╭──

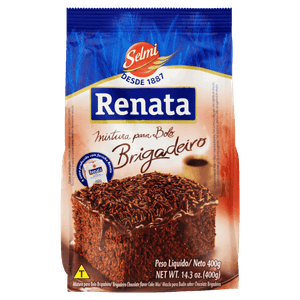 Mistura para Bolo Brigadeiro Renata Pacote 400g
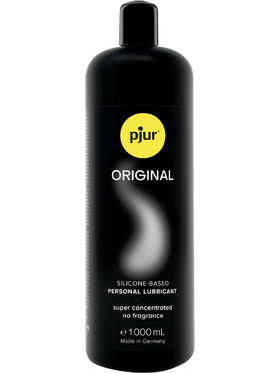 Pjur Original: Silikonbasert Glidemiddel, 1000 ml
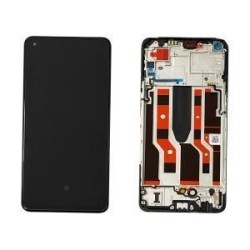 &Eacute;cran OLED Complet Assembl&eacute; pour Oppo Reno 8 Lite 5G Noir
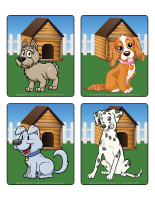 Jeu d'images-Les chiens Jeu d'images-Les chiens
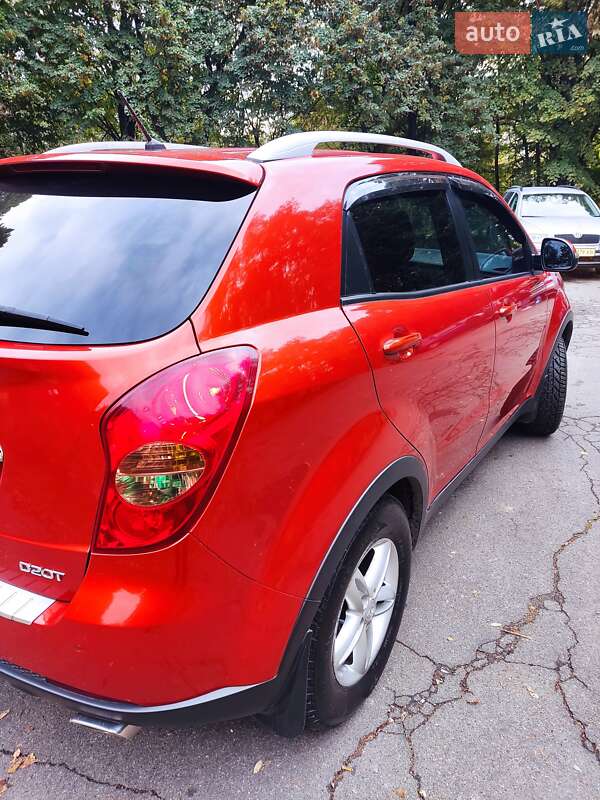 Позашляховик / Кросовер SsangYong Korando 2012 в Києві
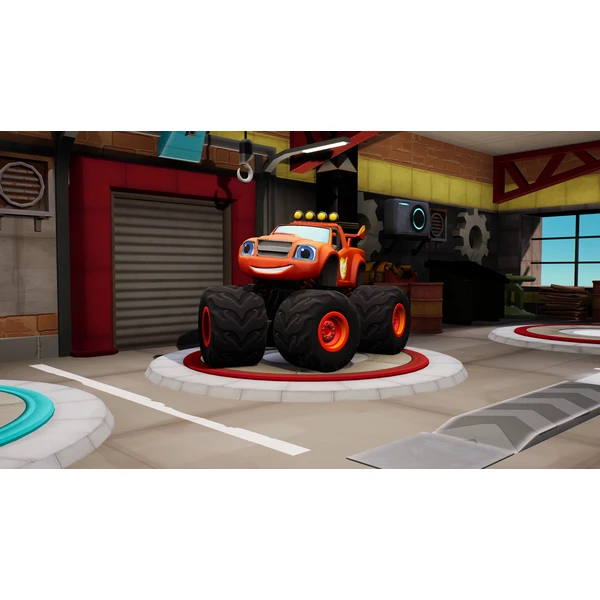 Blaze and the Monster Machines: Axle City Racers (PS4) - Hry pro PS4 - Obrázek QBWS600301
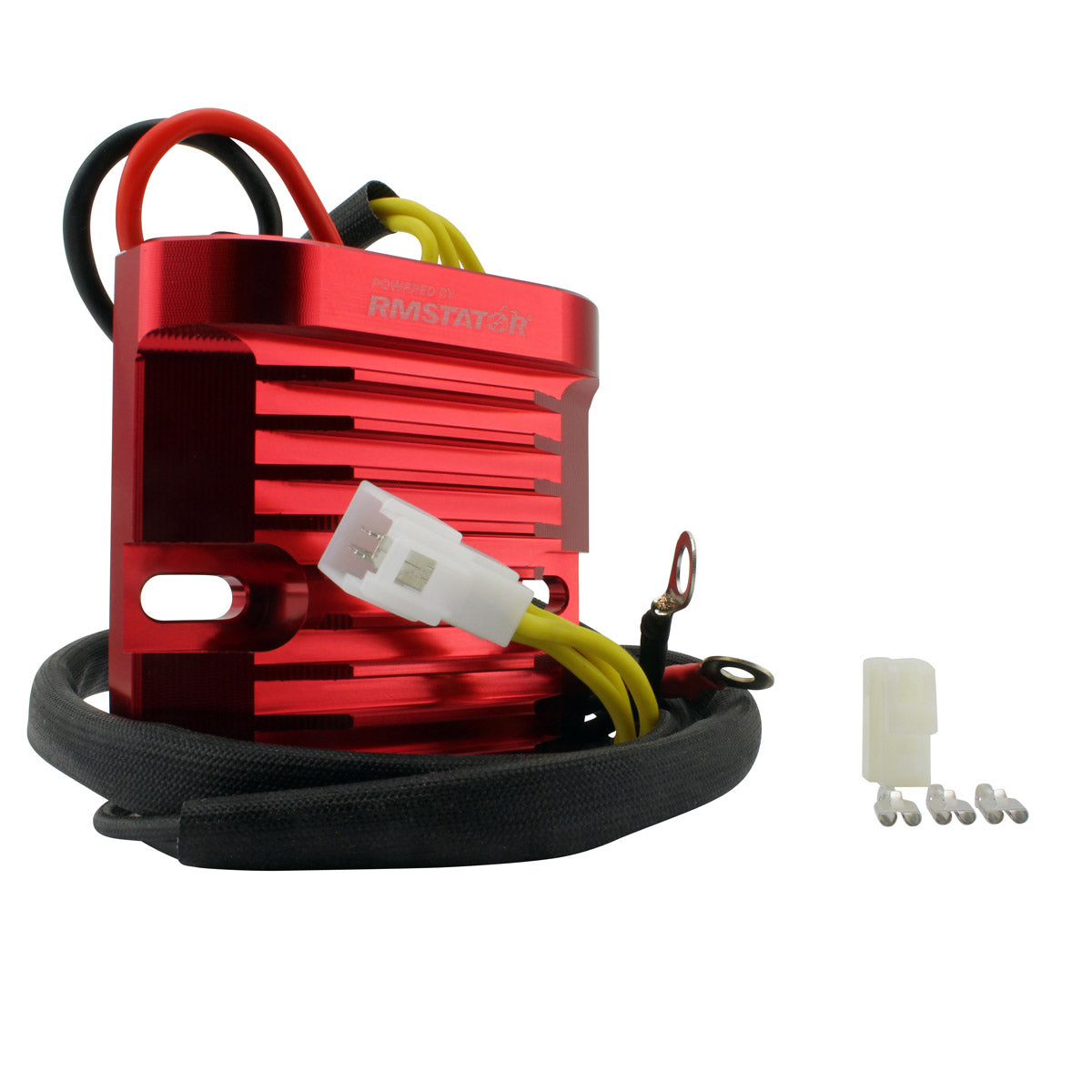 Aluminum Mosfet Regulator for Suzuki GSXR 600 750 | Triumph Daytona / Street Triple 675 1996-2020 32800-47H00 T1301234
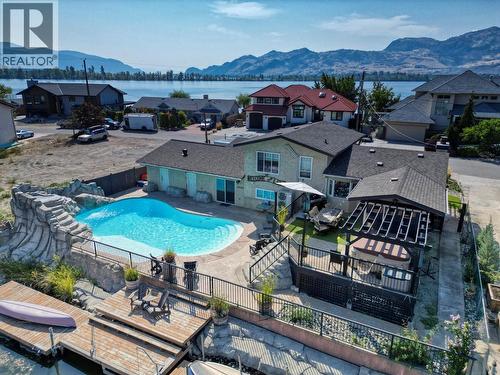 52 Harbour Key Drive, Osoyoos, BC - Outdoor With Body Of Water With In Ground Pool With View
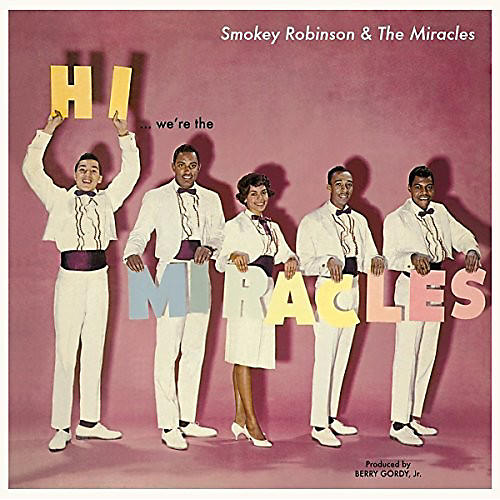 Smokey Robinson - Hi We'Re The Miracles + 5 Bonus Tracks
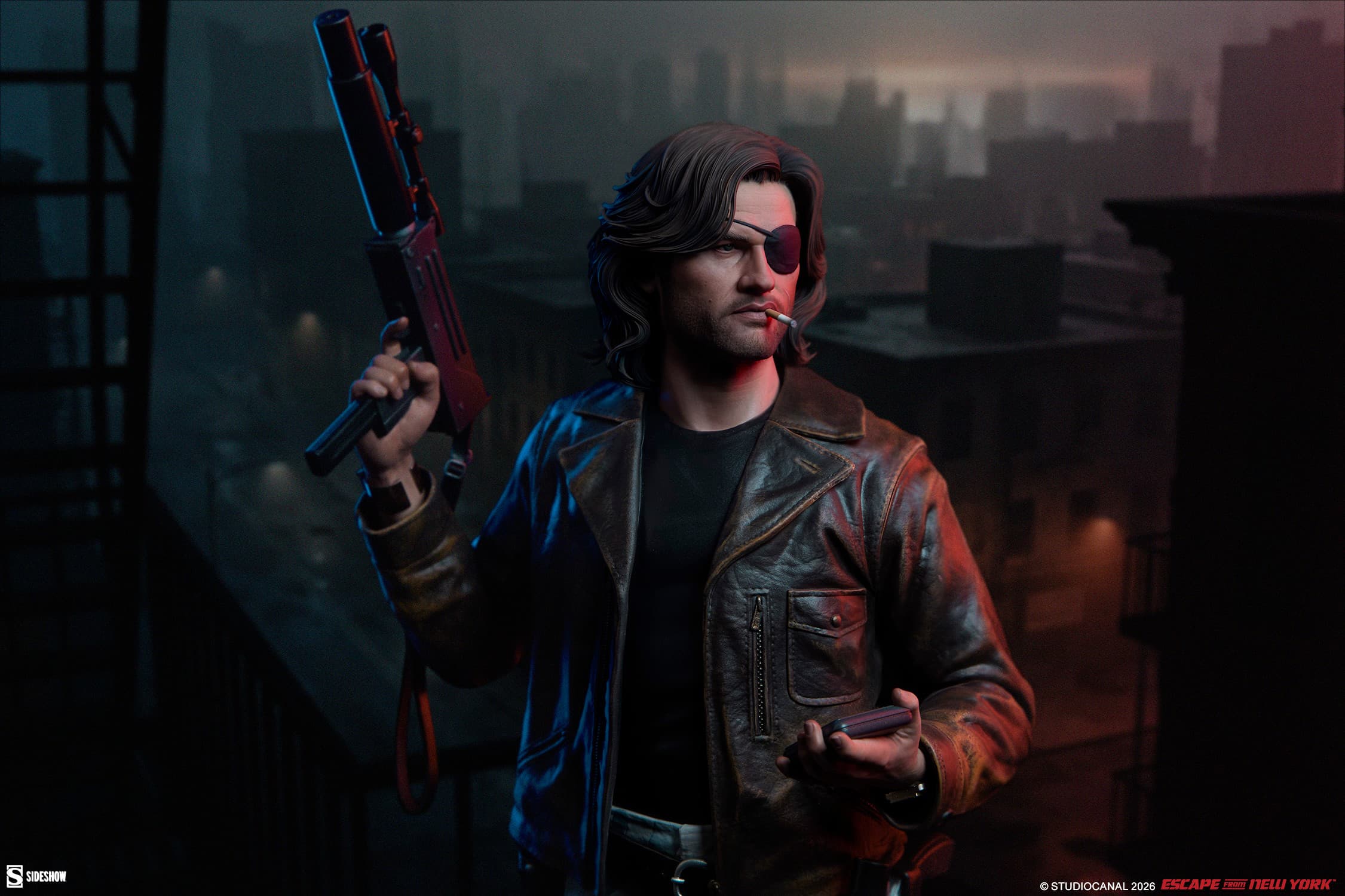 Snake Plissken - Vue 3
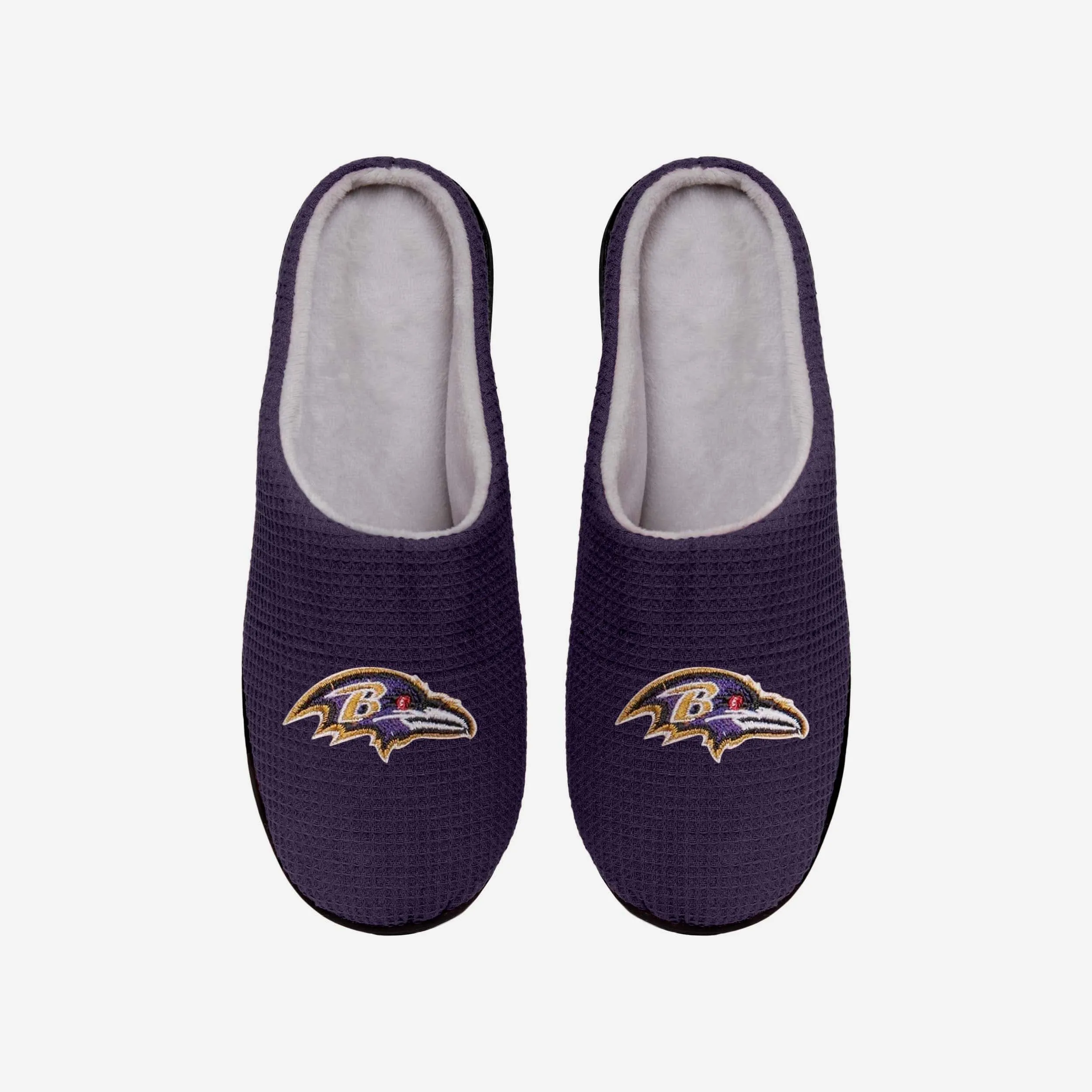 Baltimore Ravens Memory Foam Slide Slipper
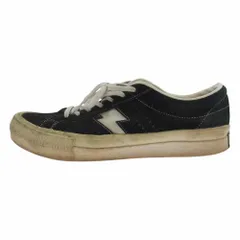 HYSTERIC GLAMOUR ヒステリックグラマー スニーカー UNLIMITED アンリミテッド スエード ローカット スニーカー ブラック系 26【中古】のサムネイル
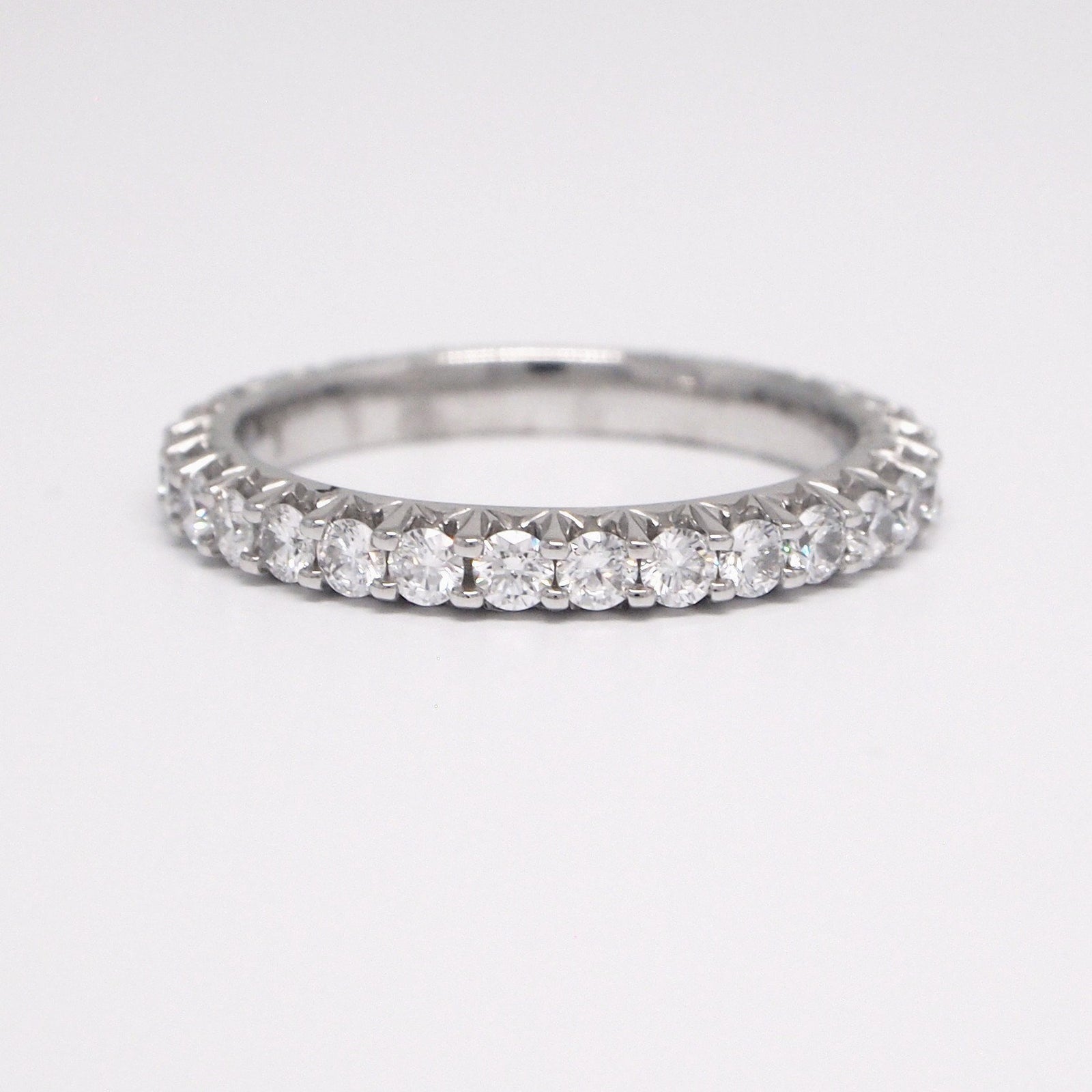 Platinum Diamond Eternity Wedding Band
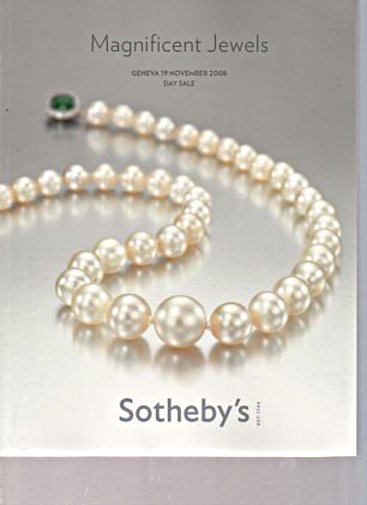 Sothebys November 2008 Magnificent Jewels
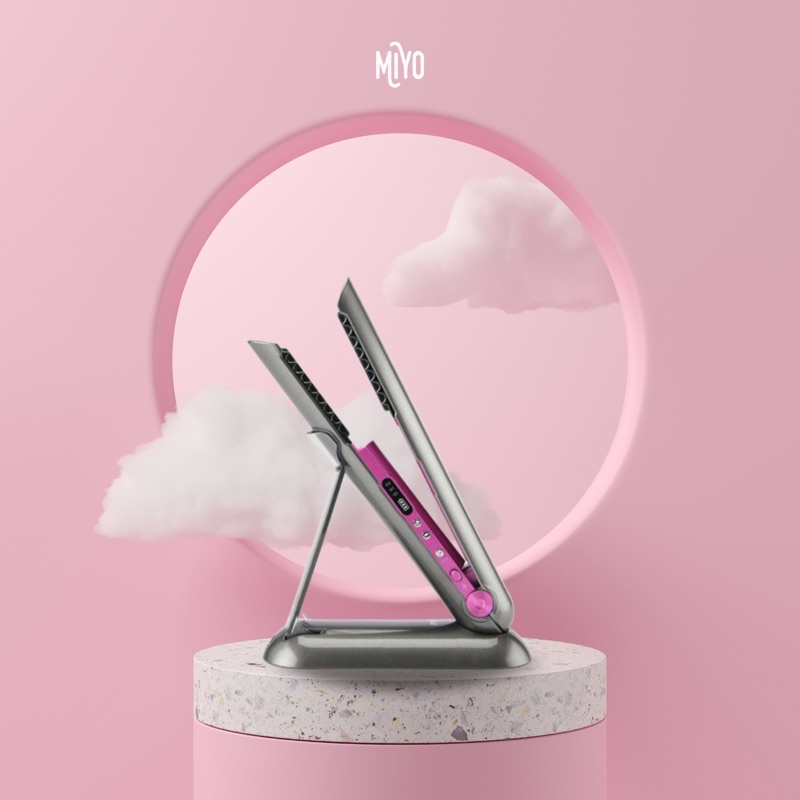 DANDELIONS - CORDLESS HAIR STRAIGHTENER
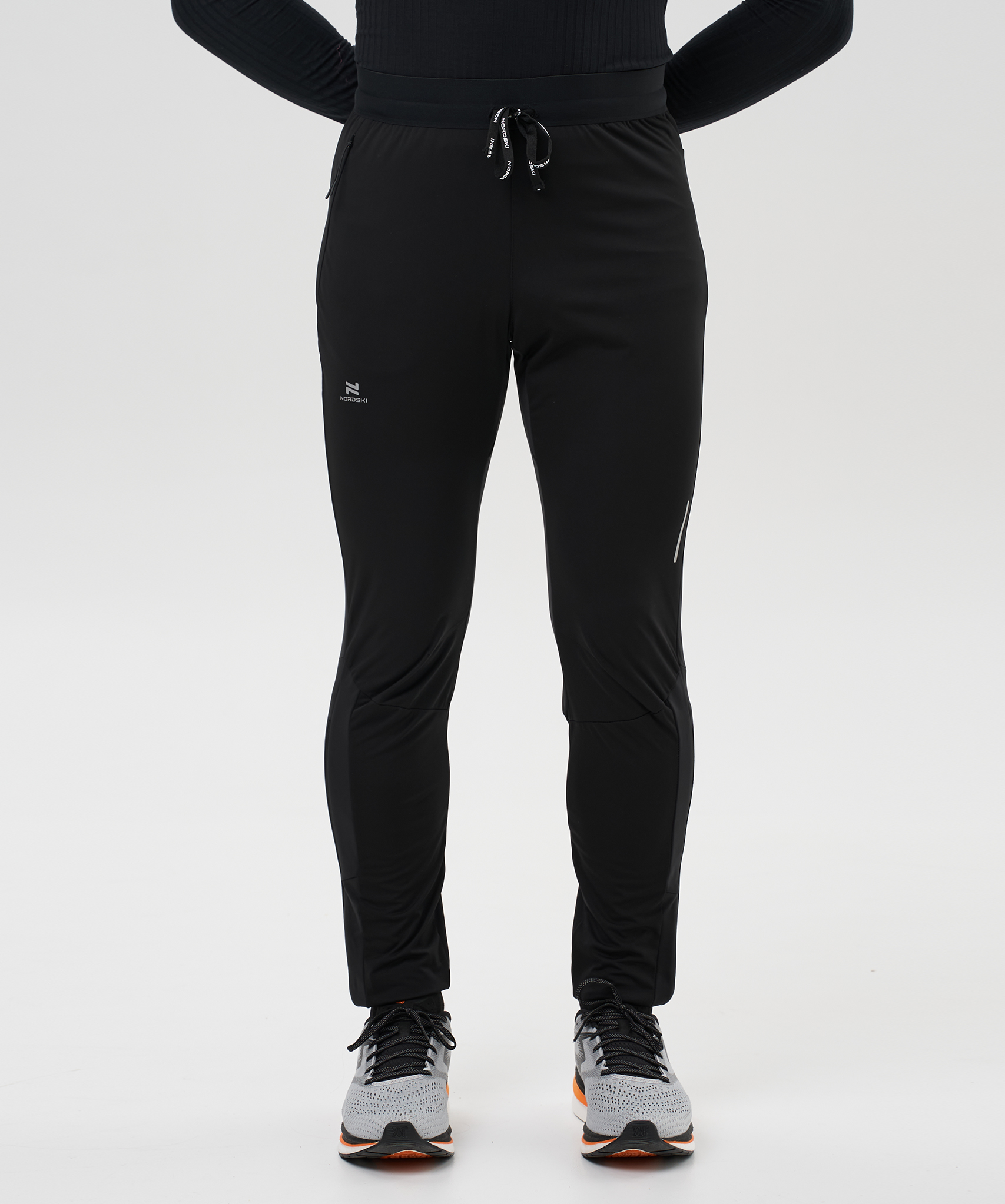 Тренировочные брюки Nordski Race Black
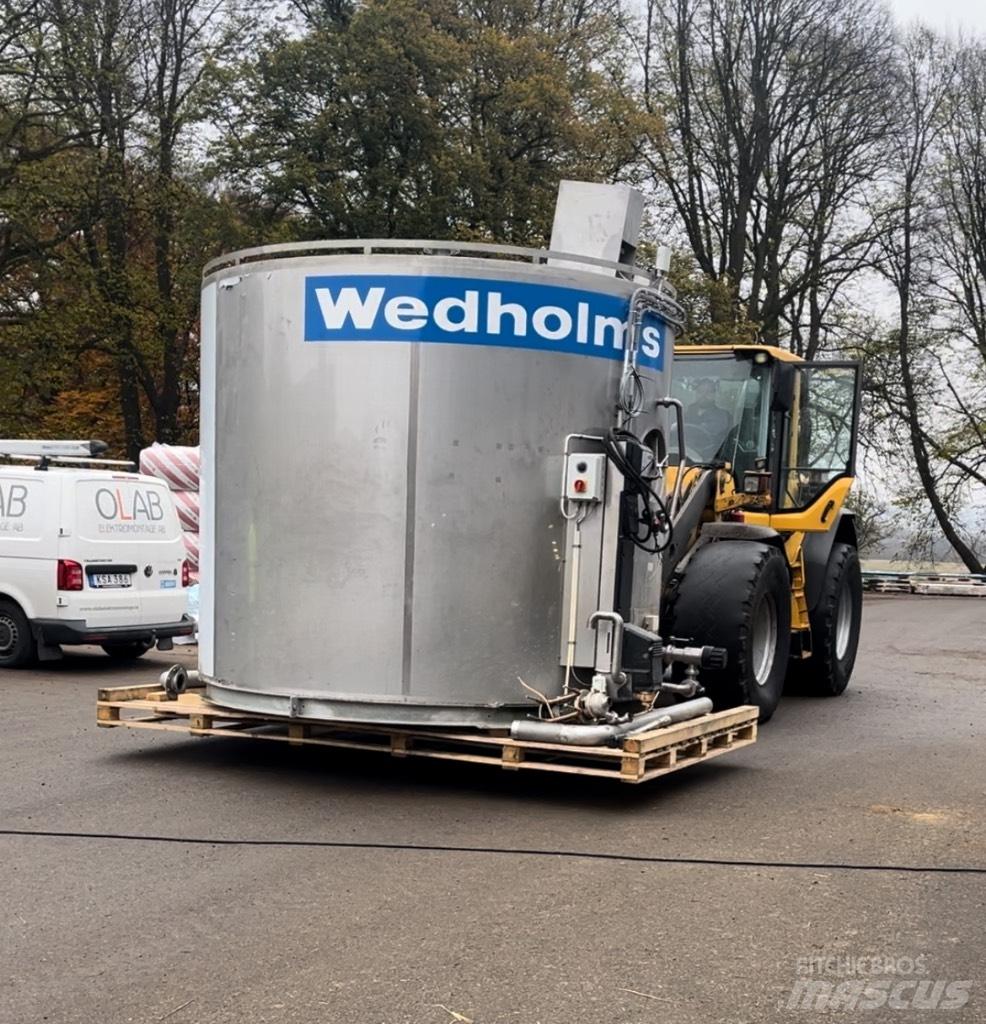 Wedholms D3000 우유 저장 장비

╰──

◆ What is being asked: Copy the listing exactly. No images belong in the copy.

◆ Task solution:
 Mistura para Bolo Brigadeiro Renata Pacote 400g
 Pjur Original: Silikonbasert Glidemiddel, 1000 ml
 &Eacute;cran OLED Complet Assembl&eacute; pour Oppo Reno 8 Lite 5G Noir
 Jeu d'images-Les chiens Jeu d'images-Les chiens
 Позашляховик / Кросовер SsangYong Korando 2012 в Києві
 Blaze and the Monster Machines: Axle City Racers (PS4) - Hry pro PS4 - Obrázek QBWS600301
 Aluminum Mosfet Regulator for Suzuki GSXR 600 750 | Triumph Daytona / Street Triple 675 1996-2020 32800-47H00 T1301234
 52 Harbour Key Drive, Osoyoos, BC - Outdoor With Body Of Water With In Ground Pool With View
 Smokey Robinson - Hi We'Re The Miracles + 5 Bonus Tracks
 Snake Plissken - Vue 3
 Baltimore Ravens Memory Foam Slide Slipper
 HYSTERIC GLAMOUR ヒステリックグラマー スニーカー UNLIMITED アンリミテッド スエード ローカット スニーカー ブラック系 26【中古】のサムネイル
 Platinum Diamond Eternity Wedding Band
 Sothebys November 2008 Magnificent Jewels
 DANDELIONS - CORDLESS HAIR STRAIGHTENER
 Тренировочные брюки Nordski Race Black
 Wedholms D3000 우유 저장 장비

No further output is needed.